◆ Given entries:
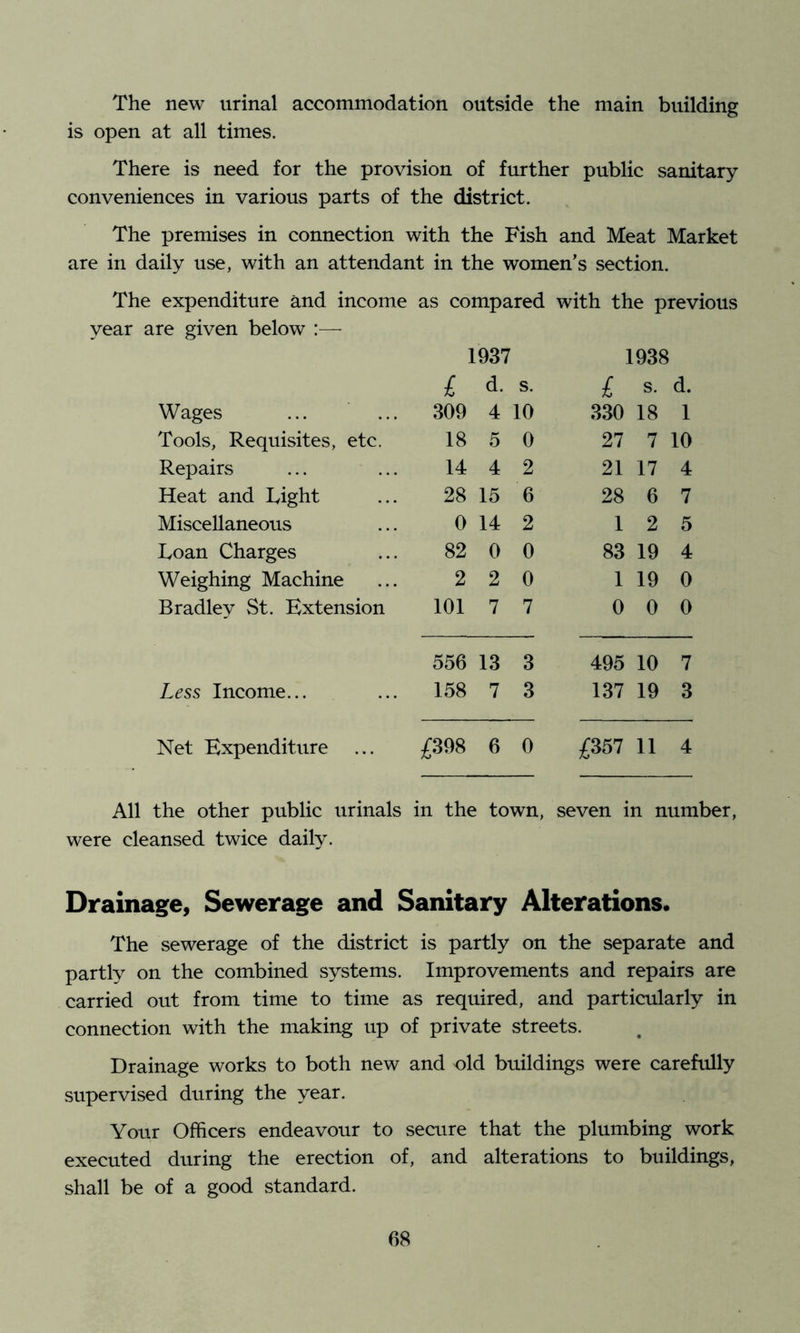 The new urinal accommodation outside the main building is open at all times. There is need for the provision of further public sanitary conveniences in various parts of the district. The premises in connection with the Fish and Meat Market are in daily use, with an attendant in the women’s section. The expenditure and income as compared with the previous year are given below :— 1937 1938 £ d. s. £ s. d. Wages 309 4 10 330 18 1 Tools, Requisites, etc. 18 5 0 27 7 10 Repairs 14 4 2 21 17 4 Heat and Light 28 15 6 28 6 7 Miscellaneous 0 14 2 1 2 5 Loan Charges 82 0 0 83 19 4 Weighing Machine 2 2 0 1 19 0 Bradley St. Extension 101 7 7 0 0 0 556 13 3 495 10 7 Less Income... 158 7 3 137 19 3 Net Expenditure £398 6 0 £357 11 4 the other public urinals in the town, seven in number were cleansed twice daily. Drainage, Sewerage and Sanitary Alterations. The sewerage of the district is partly on the separate and partly on the combined systems. Improvements and repairs are carried out from time to time as required, and particularly in connection with the making up of private streets. Drainage works to both new and old buildings were carefully supervised during the year. Your Officers endeavour to secure that the plumbing work executed during the erection of, and alterations to buildings, shall be of a good standard.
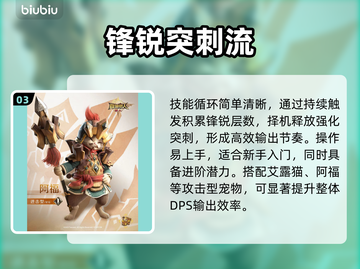 🔥欧阳拓觉醒！怪物猎人神操作💥截图4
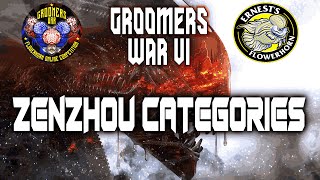 ZENZHOU CATEGORIES  GROOMERS WAR 6  FLOWERHORN ONLINE COMPETITION [upl. by Smart]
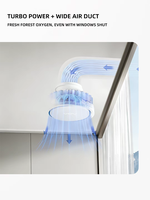 Ventilateur d'air frais unidirectionnel encastré Air S8-450, montage mural ou au plafond, avec filtre pour chambre d'animaux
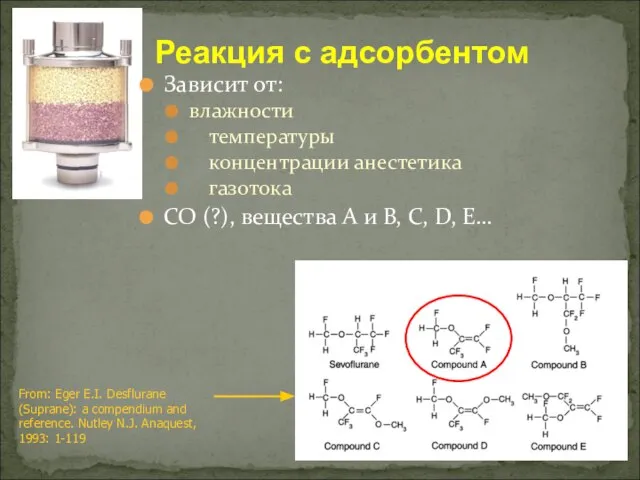 Реакция с адсорбентом Зависит от: влажности температуры концентрации анестетика газотока СО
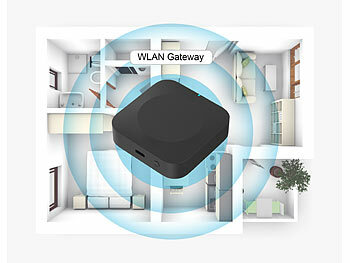 WLAN-Gateways, Bluetooth 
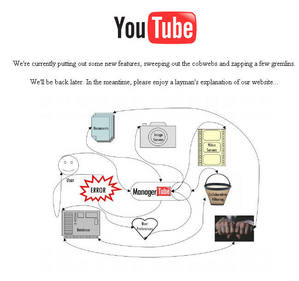  One of the gần đây YouTube outage messages.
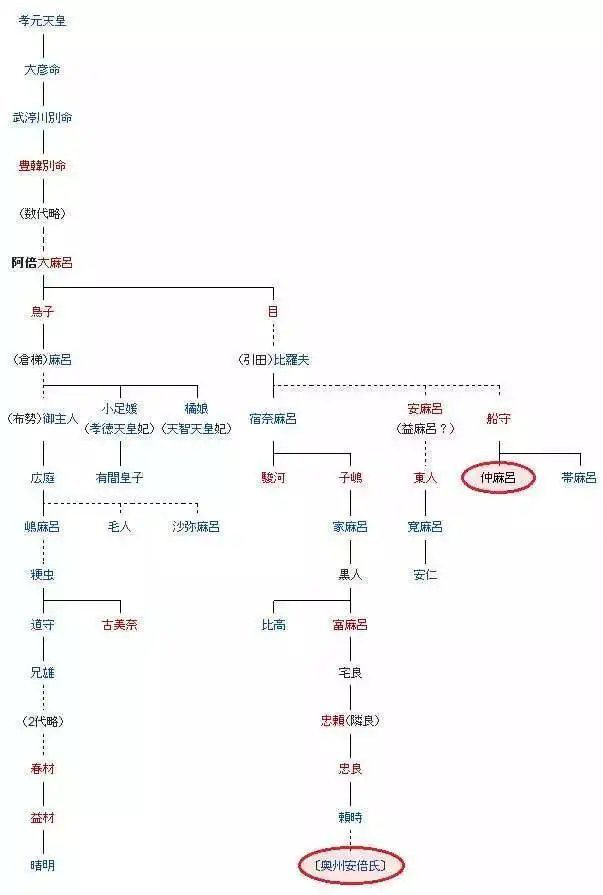 家族 安倍 構成 晋三 安倍晋三の妻と子供(画像)奥さん・安倍昭恵の間に子どもがいない理由？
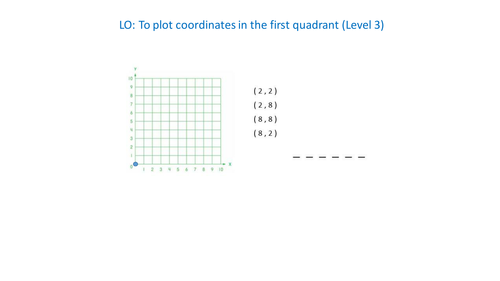Plotting coordinates in the first quadrant
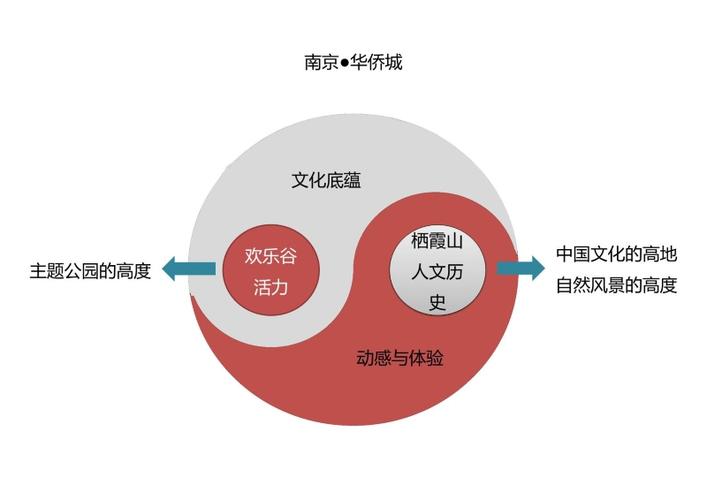 江蘇南京華僑城棲霞山片區開發策劃
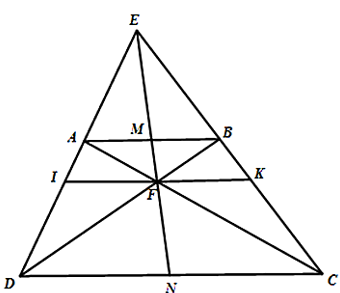 1. NHẬN BIẾT (5 câu)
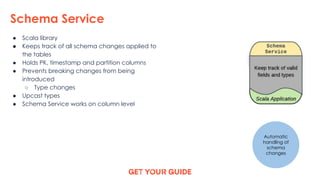 Modern ETL Pipelines with Change Data Capture | PPT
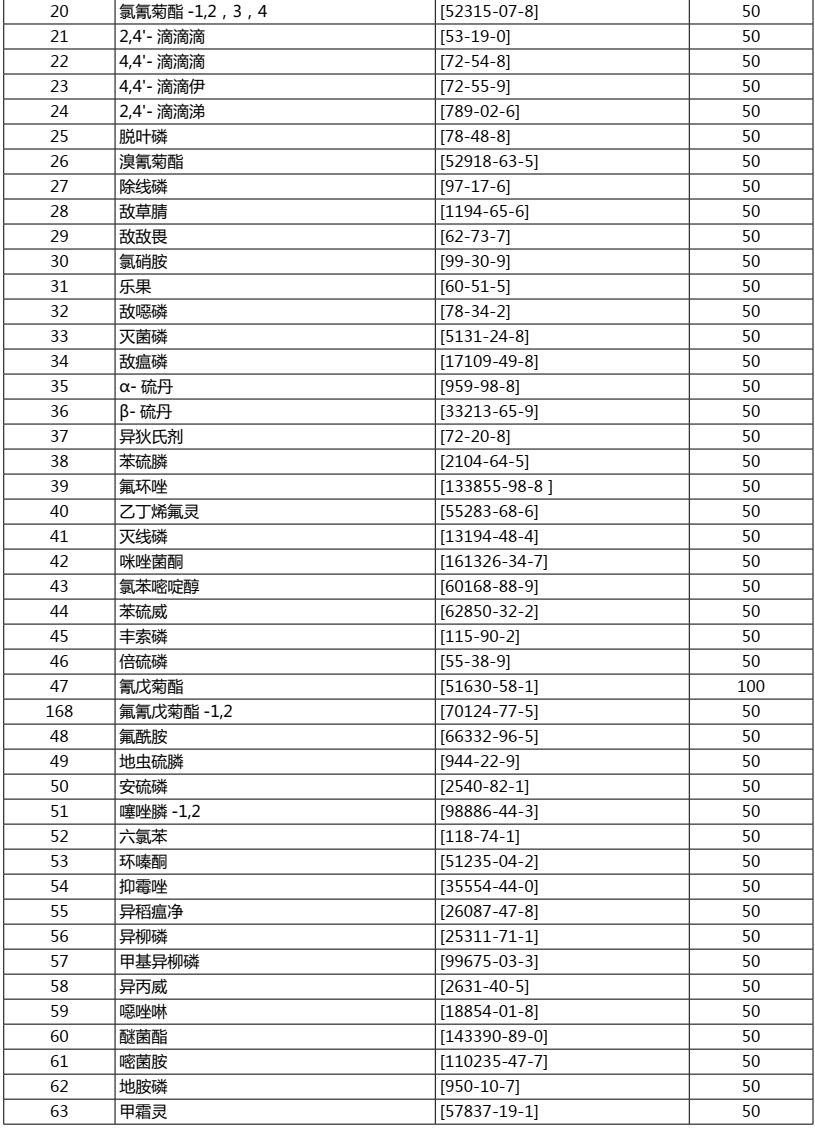 澳门一码一特一中准选今晚精选解析、解释与落实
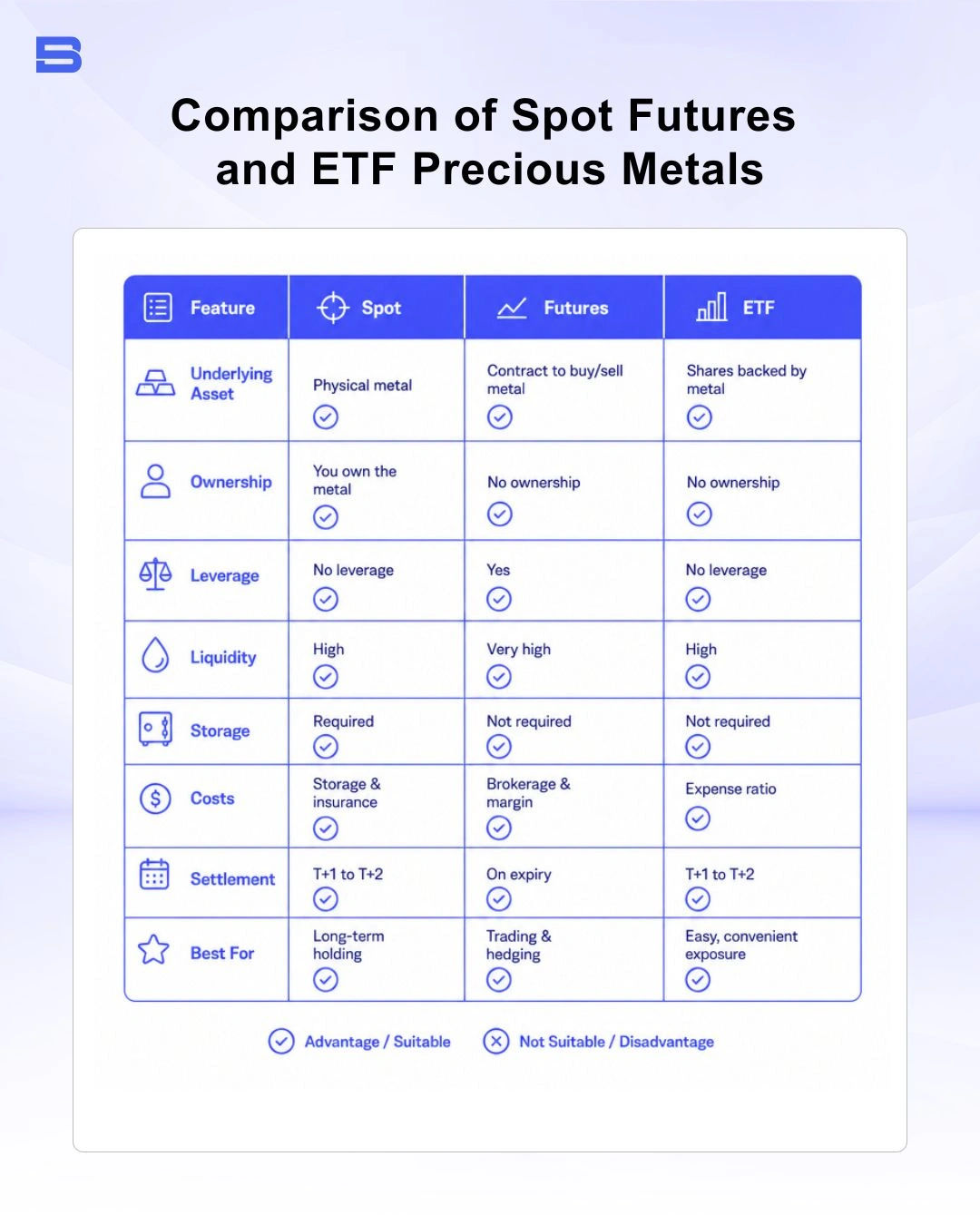 Comparison table of spot futures and ETF precious metals trading vehicles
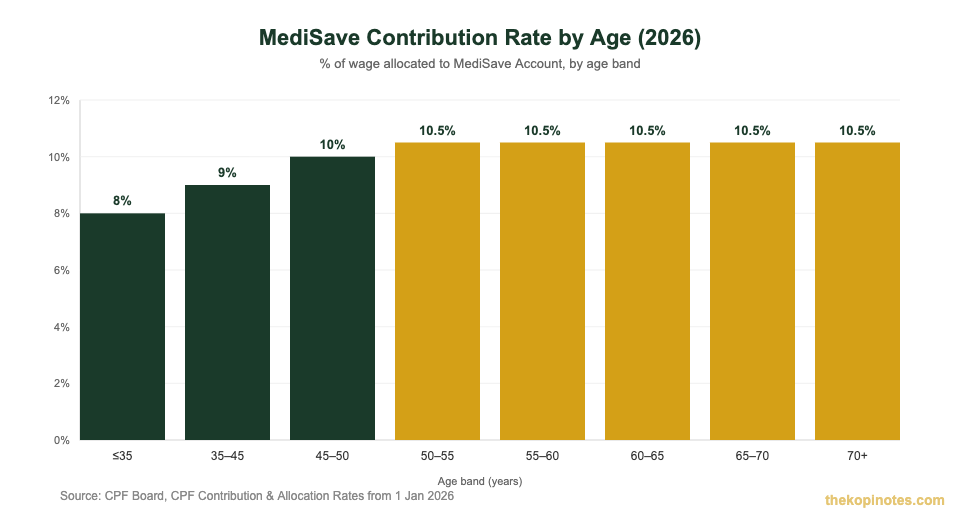 MediSave contribution rate by age chart Singapore 2026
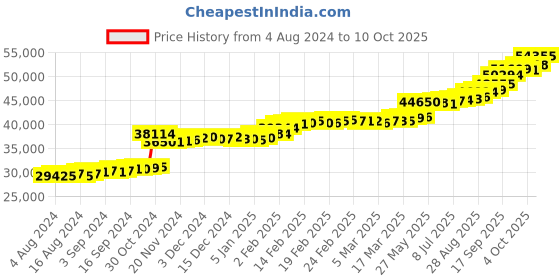 tatacliq.com PC Jeweller Bhuvi 22 kt Gold Ring pc jeweller Price History Graph from 4 Aug 2024 to 10 Oct 2025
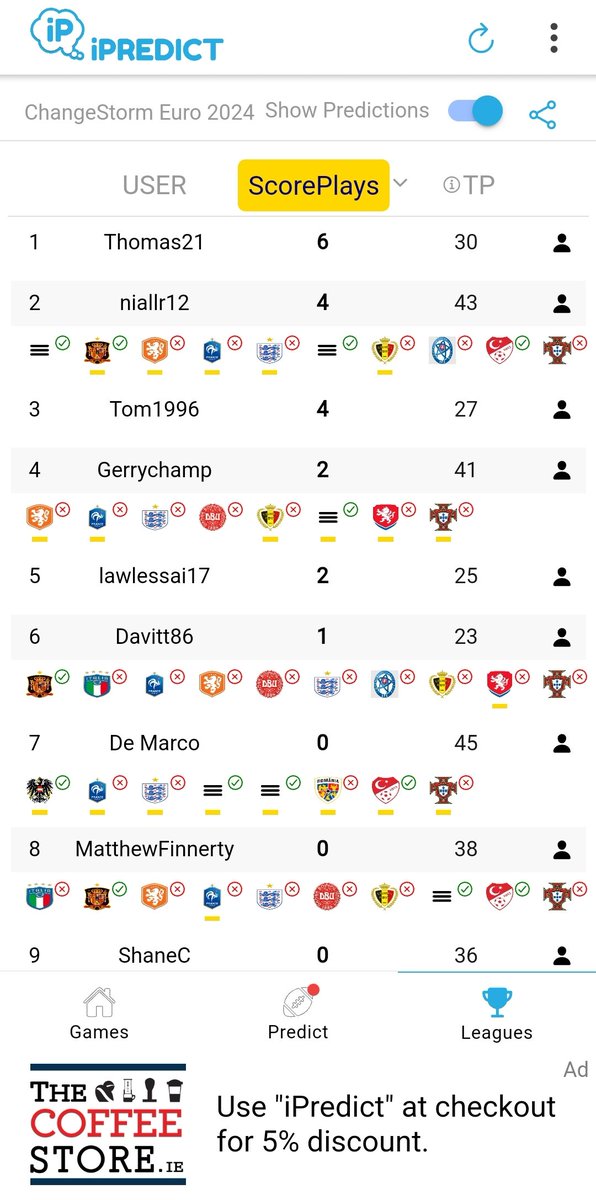 ipredictplay's tweet photo. Top of the table is only on 6 ScorePlay Points
Enter now to win
https://t.co/fKHUid9KbB
NO MORE DRAWS IN THE EURO GAME 😃😃😃
THIS WILL BE INTERESTING. Just pick who will go through.

YOU CAN SELECT THE LAST 16 GAMES NOW https://t.co/2iUKfabSgH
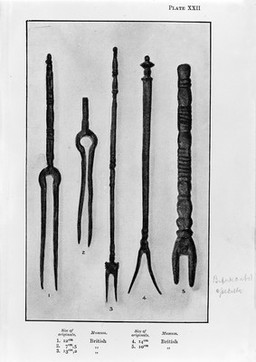 Surgical instruments in Greek and Roman times / John Stewart Milne.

◆ Exercise objective:
Among the entries above, copy exactly the stretch from the line holding "Plotting coordinates in the first quadrant" through the line holding "Comparison table of", leaving out any pictures.

◆ Answer to the problem:
Plotting coordinates in the first quadrant
 江蘇南京華僑城棲霞山片區開發策劃
 1. NHẬN BIẾT (5 câu)
 Modern ETL Pipelines with Change Data Capture | PPT
 澳门一码一特一中准选今晚精选解析、解释与落实
 Comparison table of spot futures and ETF precious metals trading vehicles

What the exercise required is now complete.